REQUIREMENT:
Word for word, give the listing below again.

────────────────

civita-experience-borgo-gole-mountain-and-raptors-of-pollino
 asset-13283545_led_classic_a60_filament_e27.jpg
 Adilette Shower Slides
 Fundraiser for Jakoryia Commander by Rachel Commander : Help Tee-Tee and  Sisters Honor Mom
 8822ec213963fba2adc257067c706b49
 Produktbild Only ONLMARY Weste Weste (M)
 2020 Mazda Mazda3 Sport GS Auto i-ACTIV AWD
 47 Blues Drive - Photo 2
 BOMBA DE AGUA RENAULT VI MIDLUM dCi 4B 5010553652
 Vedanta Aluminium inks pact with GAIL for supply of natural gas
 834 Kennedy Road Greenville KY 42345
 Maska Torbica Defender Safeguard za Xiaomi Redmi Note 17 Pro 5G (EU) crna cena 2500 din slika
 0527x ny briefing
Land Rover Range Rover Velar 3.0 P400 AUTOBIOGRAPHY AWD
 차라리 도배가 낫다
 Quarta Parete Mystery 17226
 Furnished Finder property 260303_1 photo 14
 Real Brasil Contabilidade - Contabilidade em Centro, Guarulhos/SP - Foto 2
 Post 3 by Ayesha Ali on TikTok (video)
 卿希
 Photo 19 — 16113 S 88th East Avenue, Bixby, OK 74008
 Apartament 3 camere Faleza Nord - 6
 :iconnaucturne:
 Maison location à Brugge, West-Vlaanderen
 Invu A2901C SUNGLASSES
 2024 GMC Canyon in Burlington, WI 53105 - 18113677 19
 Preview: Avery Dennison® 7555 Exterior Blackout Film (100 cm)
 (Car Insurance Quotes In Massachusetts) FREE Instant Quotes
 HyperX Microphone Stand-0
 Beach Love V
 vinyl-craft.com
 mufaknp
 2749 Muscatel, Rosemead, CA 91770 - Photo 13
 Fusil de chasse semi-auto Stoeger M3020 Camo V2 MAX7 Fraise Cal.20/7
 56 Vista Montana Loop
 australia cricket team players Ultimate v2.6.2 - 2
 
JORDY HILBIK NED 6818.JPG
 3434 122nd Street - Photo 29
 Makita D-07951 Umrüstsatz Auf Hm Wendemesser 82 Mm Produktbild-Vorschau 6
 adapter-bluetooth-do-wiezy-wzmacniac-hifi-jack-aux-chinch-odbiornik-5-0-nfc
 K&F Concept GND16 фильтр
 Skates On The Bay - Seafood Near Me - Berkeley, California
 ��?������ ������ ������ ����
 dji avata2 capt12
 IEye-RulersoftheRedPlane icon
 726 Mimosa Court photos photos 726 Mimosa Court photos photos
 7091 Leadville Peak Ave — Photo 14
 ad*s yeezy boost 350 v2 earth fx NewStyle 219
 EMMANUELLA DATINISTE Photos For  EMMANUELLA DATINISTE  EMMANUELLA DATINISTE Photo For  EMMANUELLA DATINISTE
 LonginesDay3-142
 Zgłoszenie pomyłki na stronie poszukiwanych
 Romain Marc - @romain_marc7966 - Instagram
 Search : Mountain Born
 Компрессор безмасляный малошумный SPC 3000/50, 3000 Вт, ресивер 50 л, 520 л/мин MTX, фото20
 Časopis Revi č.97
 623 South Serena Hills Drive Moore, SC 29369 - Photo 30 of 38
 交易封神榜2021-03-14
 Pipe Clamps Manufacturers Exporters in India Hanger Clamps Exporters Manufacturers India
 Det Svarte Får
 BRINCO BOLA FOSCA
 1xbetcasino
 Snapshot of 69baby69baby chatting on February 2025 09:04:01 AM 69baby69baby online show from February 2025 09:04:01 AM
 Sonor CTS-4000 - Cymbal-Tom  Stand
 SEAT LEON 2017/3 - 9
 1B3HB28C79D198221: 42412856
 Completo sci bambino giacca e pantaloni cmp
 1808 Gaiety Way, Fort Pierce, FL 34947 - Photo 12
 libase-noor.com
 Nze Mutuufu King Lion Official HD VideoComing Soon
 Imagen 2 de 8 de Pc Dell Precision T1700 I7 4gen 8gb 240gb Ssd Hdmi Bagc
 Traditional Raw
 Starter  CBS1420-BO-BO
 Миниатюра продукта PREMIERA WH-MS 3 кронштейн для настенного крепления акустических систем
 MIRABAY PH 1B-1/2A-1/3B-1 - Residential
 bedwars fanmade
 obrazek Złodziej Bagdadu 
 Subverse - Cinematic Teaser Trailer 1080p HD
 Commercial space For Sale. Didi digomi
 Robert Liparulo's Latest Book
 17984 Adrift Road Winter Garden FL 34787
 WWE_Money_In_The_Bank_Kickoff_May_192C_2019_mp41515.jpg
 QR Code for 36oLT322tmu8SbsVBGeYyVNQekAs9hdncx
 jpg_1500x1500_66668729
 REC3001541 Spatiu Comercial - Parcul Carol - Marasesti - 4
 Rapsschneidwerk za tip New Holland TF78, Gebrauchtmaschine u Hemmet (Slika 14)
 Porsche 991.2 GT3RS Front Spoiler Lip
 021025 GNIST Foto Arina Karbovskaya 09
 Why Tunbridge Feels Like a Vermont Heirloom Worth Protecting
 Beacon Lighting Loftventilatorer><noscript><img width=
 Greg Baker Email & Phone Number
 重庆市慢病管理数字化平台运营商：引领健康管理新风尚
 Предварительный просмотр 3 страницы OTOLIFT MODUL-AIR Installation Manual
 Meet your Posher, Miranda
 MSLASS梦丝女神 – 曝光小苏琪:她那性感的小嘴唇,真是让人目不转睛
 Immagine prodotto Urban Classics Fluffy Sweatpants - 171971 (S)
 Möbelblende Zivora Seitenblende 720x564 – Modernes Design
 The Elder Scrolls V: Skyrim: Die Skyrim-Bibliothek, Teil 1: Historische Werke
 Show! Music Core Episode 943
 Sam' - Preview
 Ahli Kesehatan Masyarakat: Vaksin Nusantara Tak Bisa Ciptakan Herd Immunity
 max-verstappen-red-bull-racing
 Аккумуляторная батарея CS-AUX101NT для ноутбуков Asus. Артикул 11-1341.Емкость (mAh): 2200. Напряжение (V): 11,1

────────────────

WRITTEN SOLUTION:
civita-experience-borgo-gole-mountain-and-raptors-of-pollino
 asset-13283545_led_classic_a60_filament_e27.jpg
 Adilette Shower Slides
 Fundraiser for Jakoryia Commander by Rachel Commander : Help Tee-Tee and  Sisters Honor Mom
 8822ec213963fba2adc257067c706b49
 Produktbild Only ONLMARY Weste Weste (M)
 2020 Mazda Mazda3 Sport GS Auto i-ACTIV AWD
 47 Blues Drive - Photo 2
 BOMBA DE AGUA RENAULT VI MIDLUM dCi 4B 5010553652
 Vedanta Aluminium inks pact with GAIL for supply of natural gas
 834 Kennedy Road Greenville KY 42345
 Maska Torbica Defender Safeguard za Xiaomi Redmi Note 17 Pro 5G (EU) crna cena 2500 din slika
 0527x ny briefing
Land Rover Range Rover Velar 3.0 P400 AUTOBIOGRAPHY AWD
 차라리 도배가 낫다
 Quarta Parete Mystery 17226
 Furnished Finder property 260303_1 photo 14
 Real Brasil Contabilidade - Contabilidade em Centro, Guarulhos/SP - Foto 2
 Post 3 by Ayesha Ali on TikTok (video)
 卿希
 Photo 19 — 16113 S 88th East Avenue, Bixby, OK 74008
 Apartament 3 camere Faleza Nord - 6
 :iconnaucturne:
 Maison location à Brugge, West-Vlaanderen
 Invu A2901C SUNGLASSES
 2024 GMC Canyon in Burlington, WI 53105 - 18113677 19
 Preview: Avery Dennison® 7555 Exterior Blackout Film (100 cm)
 (Car Insurance Quotes In Massachusetts) FREE Instant Quotes
 HyperX Microphone Stand-0
 Beach Love V
 vinyl-craft.com
 mufaknp
 2749 Muscatel, Rosemead, CA 91770 - Photo 13
 Fusil de chasse semi-auto Stoeger M3020 Camo V2 MAX7 Fraise Cal.20/7
 56 Vista Montana Loop
 australia cricket team players Ultimate v2.6.2 - 2
 
JORDY HILBIK NED 6818.JPG
 3434 122nd Street - Photo 29
 Makita D-07951 Umrüstsatz Auf Hm Wendemesser 82 Mm Produktbild-Vorschau 6
 adapter-bluetooth-do-wiezy-wzmacniac-hifi-jack-aux-chinch-odbiornik-5-0-nfc
 K&F Concept GND16 фильтр
 Skates On The Bay - Seafood Near Me - Berkeley, California
 ��?������ ������ ������ ����
 dji avata2 capt12
 IEye-RulersoftheRedPlane icon
 726 Mimosa Court photos photos 726 Mimosa Court photos photos
 7091 Leadville Peak Ave — Photo 14
 ad*s yeezy boost 350 v2 earth fx NewStyle 219
 EMMANUELLA DATINISTE Photos For  EMMANUELLA DATINISTE  EMMANUELLA DATINISTE Photo For  EMMANUELLA DATINISTE
 LonginesDay3-142
 Zgłoszenie pomyłki na stronie poszukiwanych
 Romain Marc - @romain_marc7966 - Instagram
 Search : Mountain Born
 Компрессор безмасляный малошумный SPC 3000/50, 3000 Вт, ресивер 50 л, 520 л/мин MTX, фото20
 Časopis Revi č.97
 623 South Serena Hills Drive Moore, SC 29369 - Photo 30 of 38
 交易封神榜2021-03-14
 Pipe Clamps Manufacturers Exporters in India Hanger Clamps Exporters Manufacturers India
 Det Svarte Får
 BRINCO BOLA FOSCA
 1xbetcasino
 Snapshot of 69baby69baby chatting on February 2025 09:04:01 AM 69baby69baby online show from February 2025 09:04:01 AM
 Sonor CTS-4000 - Cymbal-Tom  Stand
 SEAT LEON 2017/3 - 9
 1B3HB28C79D198221: 42412856
 Completo sci bambino giacca e pantaloni cmp
 1808 Gaiety Way, Fort Pierce, FL 34947 - Photo 12
 libase-noor.com
 Nze Mutuufu King Lion Official HD VideoComing Soon
 Imagen 2 de 8 de Pc Dell Precision T1700 I7 4gen 8gb 240gb Ssd Hdmi Bagc
 Traditional Raw
 Starter  CBS1420-BO-BO
 Миниатюра продукта PREMIERA WH-MS 3 кронштейн для настенного крепления акустических систем
 MIRABAY PH 1B-1/2A-1/3B-1 - Residential
 bedwars fanmade
 obrazek Złodziej Bagdadu 
 Subverse - Cinematic Teaser Trailer 1080p HD
 Commercial space For Sale. Didi digomi
 Robert Liparulo's Latest Book
 17984 Adrift Road Winter Garden FL 34787
 WWE_Money_In_The_Bank_Kickoff_May_192C_2019_mp41515.jpg
 QR Code for 36oLT322tmu8SbsVBGeYyVNQekAs9hdncx
 jpg_1500x1500_66668729
 REC3001541 Spatiu Comercial - Parcul Carol - Marasesti - 4
 Rapsschneidwerk za tip New Holland TF78, Gebrauchtmaschine u Hemmet (Slika 14)
 Porsche 991.2 GT3RS Front Spoiler Lip
 021025 GNIST Foto Arina Karbovskaya 09
 Why Tunbridge Feels Like a Vermont Heirloom Worth Protecting
 Beacon Lighting Loftventilatorer><noscript><img width=
 Greg Baker Email & Phone Number
 重庆市慢病管理数字化平台运营商：引领健康管理新风尚
 Предварительный просмотр 3 страницы OTOLIFT MODUL-AIR Installation Manual
 Meet your Posher, Miranda
 MSLASS梦丝女神 – 曝光小苏琪:她那性感的小嘴唇,真是让人目不转睛
 Immagine prodotto Urban Classics Fluffy Sweatpants - 171971 (S)
 Möbelblende Zivora Seitenblende 720x564 – Modernes Design
 The Elder Scrolls V: Skyrim: Die Skyrim-Bibliothek, Teil 1: Historische Werke
 Show! Music Core Episode 943
 Sam' - Preview
 Ahli Kesehatan Masyarakat: Vaksin Nusantara Tak Bisa Ciptakan Herd Immunity
 max-verstappen-red-bull-racing
 Аккумуляторная батарея CS-AUX101NT для ноутбуков Asus. Артикул 11-1341.Емкость (mAh): 2200. Напряжение (V): 11,1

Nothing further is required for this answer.